Business Council for International Understanding
- Abbreviation: BCIU
- Formation: November 10, 1955; 70 years ago
- Founder: White House Industrial Cooperation Council Conference under President Dwight D. Eisenhower
- Founded at: Washington DC
- Type: Nonprofit
- Legal status: Business council
- Purpose: Provide commercial diplomacy services to the world’s governments and leading organizations
- Location: New York City, United States;
- Region served: Worldwide
- Services: Organize meetings, panel discussions and off-the-record briefings between business executives and senior government officials and heads of state
- Members: 150 major companies (2024)
- Official language: English
- President and CEO: Peter Tichansky
- Funding: Members fees
- Website: bciu.org

= Business Council for International Understanding =

Non-profit membership organisation

The Business Council for International Understanding (BCIU) is an American not-for-profit, nonpartisan, membership organization that encourages dialogue between business and political leaders in different countries. It holds events, briefings and programs for networking and education.
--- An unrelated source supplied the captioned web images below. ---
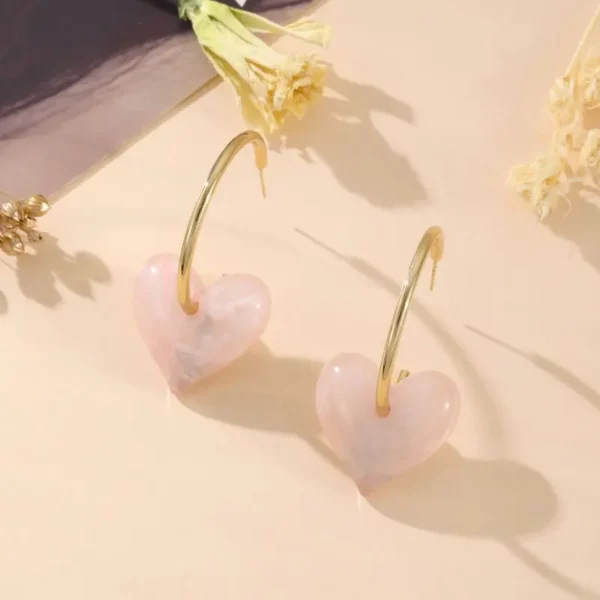 Créoles coeur roses_41Bis mode et accessoires femme colorés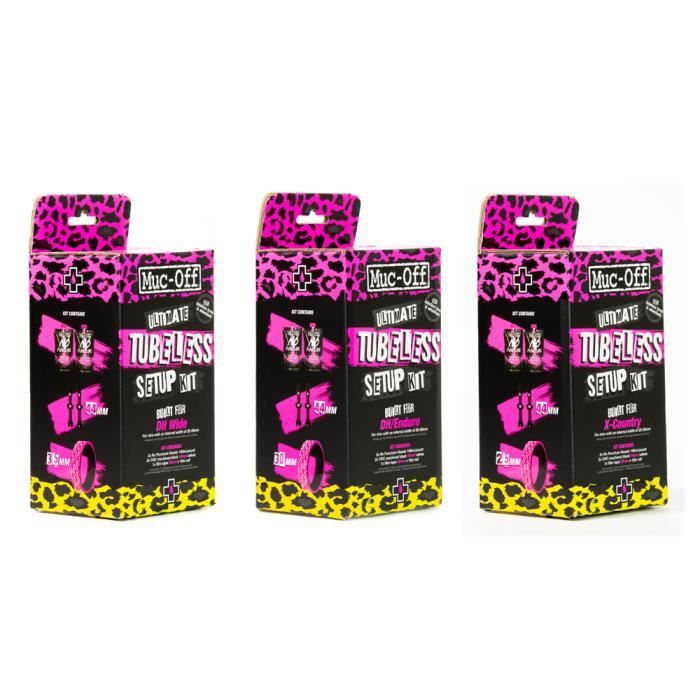 Kit dinstallation tubeless - Muc-Off - Ultimate - 30 mm x 10 m - Noir/Rose/Jaune - Accessoires inclus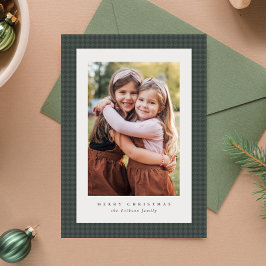 Groene houndstooth lijst klassieke kerstfoto feestdagenkaart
Membership comprises more than 200 companies.

== History ==
BCIU was formed November 10, 1955, at the White House Industrial Cooperation Council Conference, as an initiative directed by U.S. President Dwight D. Eisenhower. It was established with the purpose of improving foreign understanding of business practices within the United States, thereby lifting a national image that had suffered greatly through the course of the Cold War.

The organization was intended to operate as a part of a larger Eisenhower program, called People to People; however, in 1958, the umbrella initiative was shut down after failing to amass an adequate amount of independent funding. BCIU survived the initial decentralization of direction and support, and has continued to perform many of its original duties.

== Activities ==

=== Corporate to Government Event Building ===
BCIU organizes conferences and receptions for its member companies and relevant government officials to address issues of common concern. The initiative to organize a conference is taken by BCIU members, U.S. government officials, or foreign government officials. The specific format of these meetings is typically left to the discretion of the host.
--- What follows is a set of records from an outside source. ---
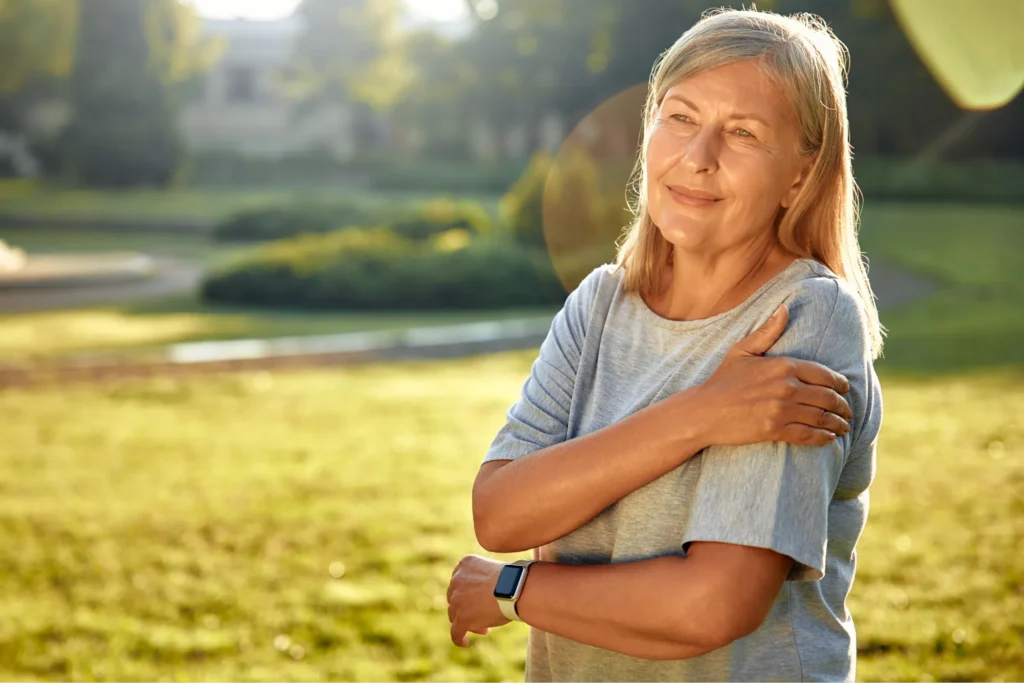 Woman after successful reverse shoulder replacement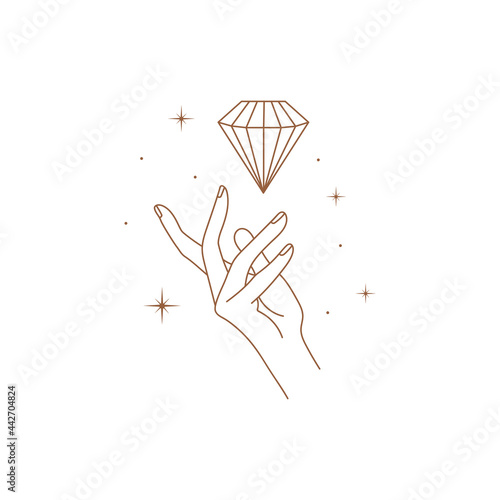 Minimal hand logo in trendy linear style. Women's hands with crystal and stars. Vector linear boho icon for handmade products, jewelry, cosmetics, wedding concept illustrations etc. Branding.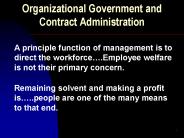 Organizational Government and Contract Administration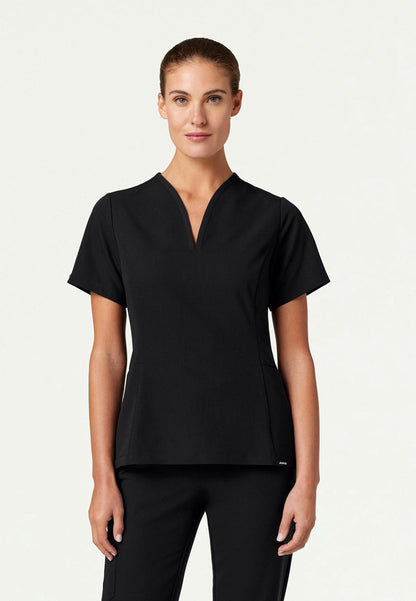 Blusa médica ajustada y acampanada Calix - Negra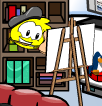 A Yellow Puffle new look when painting.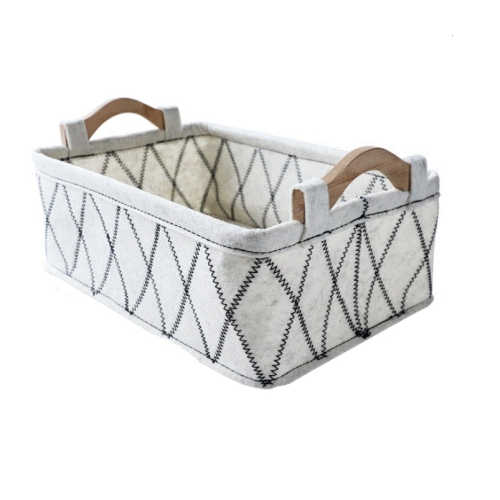 

2 PCS Wooden Handle Felt Storage Basket Sundries Underwear Storage Box, Specification: 29x18x9.5cm(Off-white )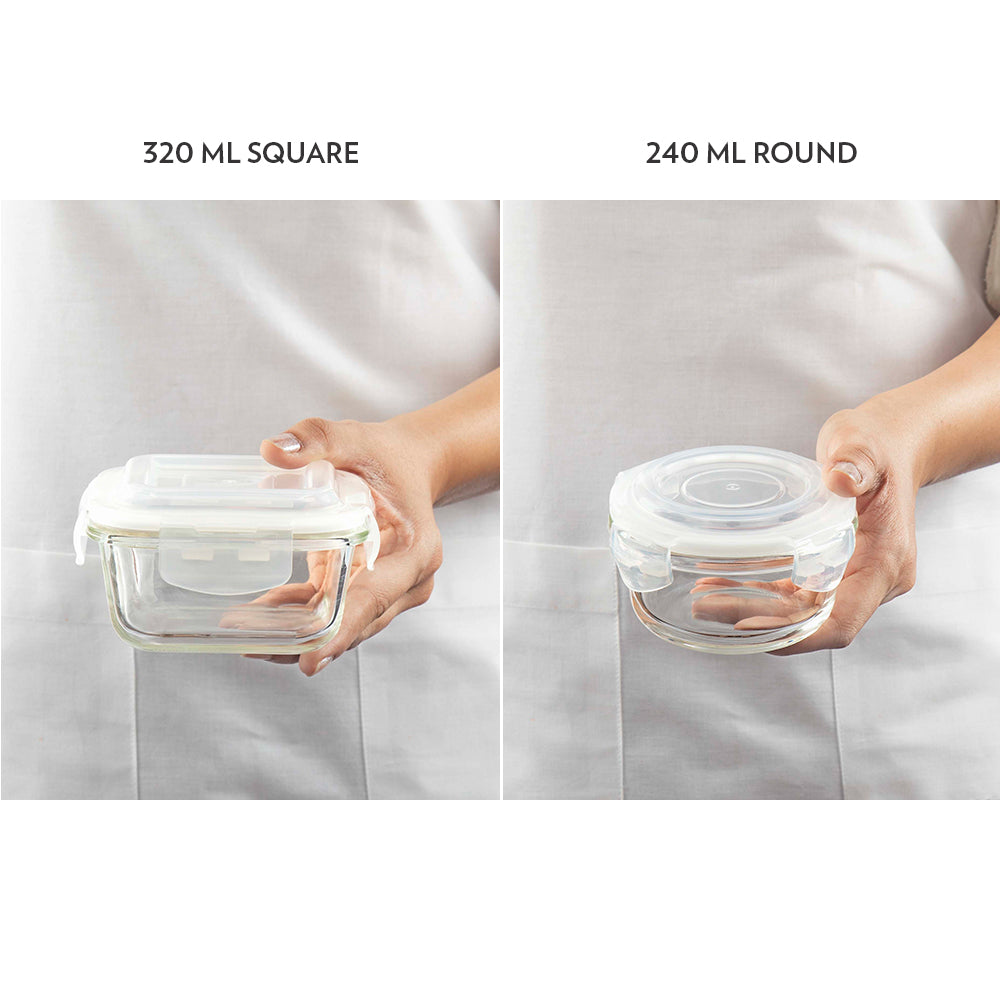 My Borosil Glass Lunchboxes Set of 4 (320 ml x 2 + 240 ml x 2) Alfa Blue Universal Glass Lunch Box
=== Government contracts ===
BCIU is a pre-qualified Indefinite-Quantity Contractor (IQC) for the U.S. Trade and Development Agency (USTDA). Since 2006, BCIU has bid for opportunities to plan and manage orientation visits, conferences, and training programs in support of USTDA objectives. Once awarded a contract, BCIU is responsible for project implementation, which can include a series of meetings, site visits, roundtables, conferences, and receptions with foreign delegations. BCIU performs similar functions for the Overseas Private Investment Corporation.

=== Training ===
The organization provides commercial diplomacy training to the U.S. foreign service and other U.S. officials involved in trade promotion agencies for the sake of improved intercultural literacy. All training programs are conducted at the Foreign Service Institute.
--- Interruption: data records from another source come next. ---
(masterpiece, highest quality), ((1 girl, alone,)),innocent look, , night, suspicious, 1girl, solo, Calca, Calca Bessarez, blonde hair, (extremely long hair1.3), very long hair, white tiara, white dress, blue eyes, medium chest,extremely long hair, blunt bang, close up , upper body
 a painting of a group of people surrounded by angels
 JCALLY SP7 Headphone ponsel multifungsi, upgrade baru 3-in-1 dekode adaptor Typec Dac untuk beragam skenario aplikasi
=== Ambassador Consultations ===
BCIU organizes consultations with American businesses for outgoing ambassadors to update them on current business and commercial matters affecting their country of jurisdiction.

=== Business practica ===
BCIU organizes a program that places Foreign Service Officers into companies for two to three months to gain practical experience after having completed the Foreign Service Institute’s economic and commercial training course.

=== Past functions ===
From 1957 to 1990, BCIU operated a cross-cultural training institute with support from American University. Launched by the Eisenhower administration as the BCIU Institute, the program was designed to prepare international executives to meet the personal and professional challenges inherent to working abroad. The curriculum of the BCIU sessions included language and cultural training, as well as briefings on the current state of the U.S., its foreign policy, and its slipping image abroad. The program now runs as the Intercultural Management Institute as a part of American University’s School of International Service.

== Annual gala ==
Since 1984, BCIU has held an annual Gala in New York to celebrate partnerships within international trade and diplomacy. In 2003, BCIU introduced the Dwight D. Eisenhower Global Leadership Award, which honors a member of the business community for their leadership and achievement in the international arena; recent honorees include Sergio Marchionne and Mukesh Ambani.